### Section II. Of the infinite divisibility of space and time.

WHEREVER ideas are adequate representations of objects, the relations, contradictions and agreements of the ideas are all applicable to the objects; and this we may in general observe to be the foundation of all human knowledge. But our ideas are adequate representations of the most minute parts of extension; and through whatever divisions and subdivisions we may suppose these parts to be arrived at, they can never become inferior to some ideas, which we form. The plain consequence is, that whatever appears impossible and contradictory upon the comparison of these ideas, must be really impossible and contradictory, without any farther excuse or evasion.

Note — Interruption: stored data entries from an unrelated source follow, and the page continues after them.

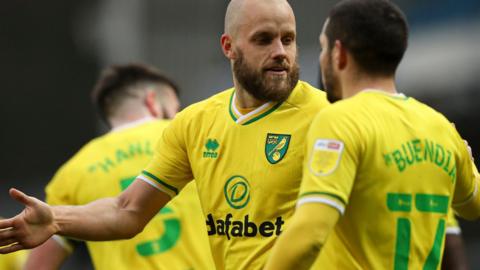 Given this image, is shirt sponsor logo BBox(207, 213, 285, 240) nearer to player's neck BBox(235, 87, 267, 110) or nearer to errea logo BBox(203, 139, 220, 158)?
errea logo BBox(203, 139, 220, 158)

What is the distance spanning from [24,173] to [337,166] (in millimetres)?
11817

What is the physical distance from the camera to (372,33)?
4.62 metres

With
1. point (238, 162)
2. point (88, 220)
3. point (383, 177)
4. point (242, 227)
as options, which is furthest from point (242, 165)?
point (383, 177)

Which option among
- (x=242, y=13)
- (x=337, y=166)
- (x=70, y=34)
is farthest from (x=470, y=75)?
(x=337, y=166)

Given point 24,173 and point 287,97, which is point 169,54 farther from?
point 287,97

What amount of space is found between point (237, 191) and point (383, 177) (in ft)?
3.35

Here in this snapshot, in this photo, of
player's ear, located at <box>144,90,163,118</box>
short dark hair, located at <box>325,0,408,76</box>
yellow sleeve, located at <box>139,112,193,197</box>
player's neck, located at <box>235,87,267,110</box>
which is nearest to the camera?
short dark hair, located at <box>325,0,408,76</box>

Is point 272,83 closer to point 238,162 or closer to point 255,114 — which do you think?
point 255,114

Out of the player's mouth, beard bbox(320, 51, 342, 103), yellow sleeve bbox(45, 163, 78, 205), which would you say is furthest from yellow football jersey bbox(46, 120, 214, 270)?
beard bbox(320, 51, 342, 103)

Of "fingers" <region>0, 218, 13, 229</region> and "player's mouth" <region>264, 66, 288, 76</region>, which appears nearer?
"fingers" <region>0, 218, 13, 229</region>

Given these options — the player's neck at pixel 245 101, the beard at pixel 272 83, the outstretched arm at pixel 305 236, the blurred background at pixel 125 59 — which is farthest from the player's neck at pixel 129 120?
the blurred background at pixel 125 59

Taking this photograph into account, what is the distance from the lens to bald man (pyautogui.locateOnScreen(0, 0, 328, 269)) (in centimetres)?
530

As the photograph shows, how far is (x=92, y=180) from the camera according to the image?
733 centimetres

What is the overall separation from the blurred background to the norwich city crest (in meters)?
9.58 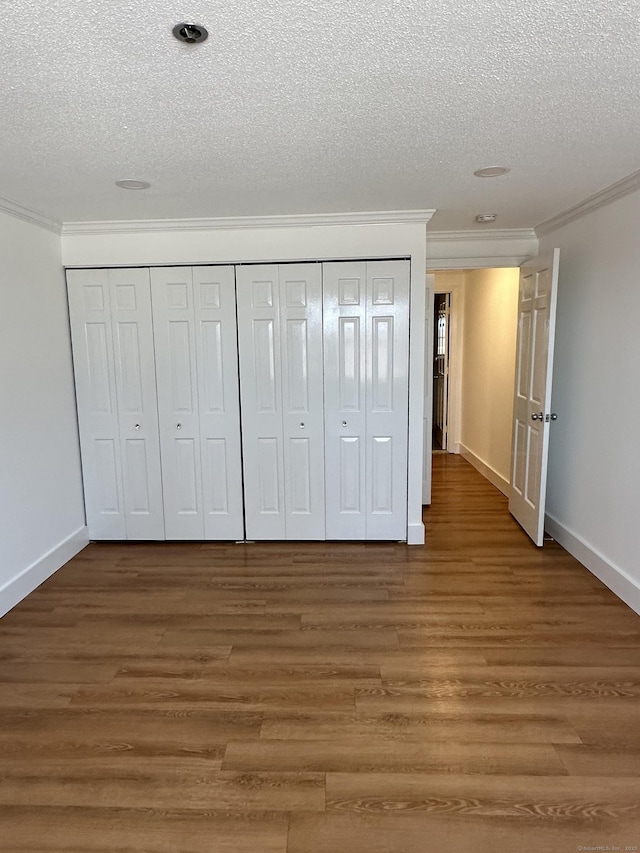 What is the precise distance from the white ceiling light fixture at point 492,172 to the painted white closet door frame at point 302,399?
1233mm

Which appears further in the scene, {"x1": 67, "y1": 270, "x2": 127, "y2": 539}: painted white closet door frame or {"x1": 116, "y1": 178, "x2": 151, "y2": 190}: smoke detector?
{"x1": 67, "y1": 270, "x2": 127, "y2": 539}: painted white closet door frame

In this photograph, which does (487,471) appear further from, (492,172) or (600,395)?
(492,172)

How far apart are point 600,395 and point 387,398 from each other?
1.35 meters

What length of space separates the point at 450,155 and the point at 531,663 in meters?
2.40

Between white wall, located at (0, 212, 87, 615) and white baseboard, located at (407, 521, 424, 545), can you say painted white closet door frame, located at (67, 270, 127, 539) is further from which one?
white baseboard, located at (407, 521, 424, 545)

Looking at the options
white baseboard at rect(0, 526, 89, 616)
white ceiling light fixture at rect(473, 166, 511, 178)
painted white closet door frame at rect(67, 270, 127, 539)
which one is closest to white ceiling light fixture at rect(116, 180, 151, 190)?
painted white closet door frame at rect(67, 270, 127, 539)

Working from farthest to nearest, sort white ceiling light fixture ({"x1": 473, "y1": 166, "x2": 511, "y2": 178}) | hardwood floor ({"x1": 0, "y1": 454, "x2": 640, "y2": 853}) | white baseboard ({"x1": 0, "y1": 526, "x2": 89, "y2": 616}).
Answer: white baseboard ({"x1": 0, "y1": 526, "x2": 89, "y2": 616}) → white ceiling light fixture ({"x1": 473, "y1": 166, "x2": 511, "y2": 178}) → hardwood floor ({"x1": 0, "y1": 454, "x2": 640, "y2": 853})

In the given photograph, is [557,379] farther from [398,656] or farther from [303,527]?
[398,656]

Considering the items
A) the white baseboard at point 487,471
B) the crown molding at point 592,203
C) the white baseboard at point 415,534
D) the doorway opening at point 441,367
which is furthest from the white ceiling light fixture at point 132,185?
the doorway opening at point 441,367

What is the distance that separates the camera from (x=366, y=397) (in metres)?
3.67

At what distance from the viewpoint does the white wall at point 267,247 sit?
346 centimetres

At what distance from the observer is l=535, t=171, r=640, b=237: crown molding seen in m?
2.77

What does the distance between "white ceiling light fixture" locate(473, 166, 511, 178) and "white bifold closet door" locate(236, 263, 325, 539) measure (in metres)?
1.23

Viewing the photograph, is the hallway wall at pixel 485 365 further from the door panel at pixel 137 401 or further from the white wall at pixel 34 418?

Every thing capable of being infinitely divided contains an infinite
number of parts; otherwise the division would be stopped short by the
indivisible parts, which we should immediately arrive at. If therefore any
finite extension be infinitely divisible, it can be no contradiction to
suppose, that a finite extension contains an infinite number of parts: And
vice versa, if it be a contradiction to
suppose, that a finite extension contains an infinite number of parts, no
finite extension can be infinitely divisible. But that this latter
supposition is absurd, I easily convince myself by the consideration of my
clear ideas. I first take the least idea I can form of a part of extension,
and being certain that there is nothing more minute than this idea, I
conclude, that whatever I discover by its means must be a real quality of
extension. I then repeat this idea once, twice, thrice, etc. and find the
compound idea of extension, arising from its repetition, always to augment,
and become double, triple, quadruple, etc. till at last it swells up to a
considerable bulk, greater or smaller, in proportion as I repeat more or
less the same idea. When I stop in the addition of parts, the idea of
extension ceases to augment; and were I to carry on the addition in infinitum, I clearly perceive, that the idea of
extension must also become infinite. Upon the whole, I conclude, that the
idea of all infinite number of parts is individually the same idea with that
of an infinite extension; that no finite extension is capable of containing
an infinite number of parts; and consequently that no finite extension is
infinitely divisible^{1}.

I may subjoin another argument proposed by a noted author^{2}, which seems to me very strong and beautiful.
'Tis evident, that existence in itself belongs only to unity, and is never
applicable to number, but on account of the unites, of which the number is
composed. Twenty men may be said to exist; but 'tis only because one, two,
three, four, etc. are existent; and if you deny the existence of the latter,
that of the former falls of course. 'Tis therefore utterly absurd to suppose
any number to exist, and yet deny the existence of unites; and as extension
is always a number, according to the common sentiment of metaphysicians, and
never resolves itself into any unite or indivisible quantity, it follows,
that extension can never at all exist. 'Tis in vain to reply, that any
determinate quantity of extension is an unite; but such-a-one as admits of
an infinite number of fractions, and is inexhaustible in its sub-divisions.
For by the same rule these twenty men may be
considered as a unite. The whole globe of the earth, nay the whole
universe may be considered as an unite. That
term of unity is merely a fictitious denomination, which the mind may apply
to any quantity of objects it collects together; nor can such an unity any
more exist alone than number can, as being in reality a true number. But the
unity, which can exist alone, and whose existence is necessary to that of
all number, is of another kind, and must be perfectly indivisible, and
incapable of being resolved into any lesser unity.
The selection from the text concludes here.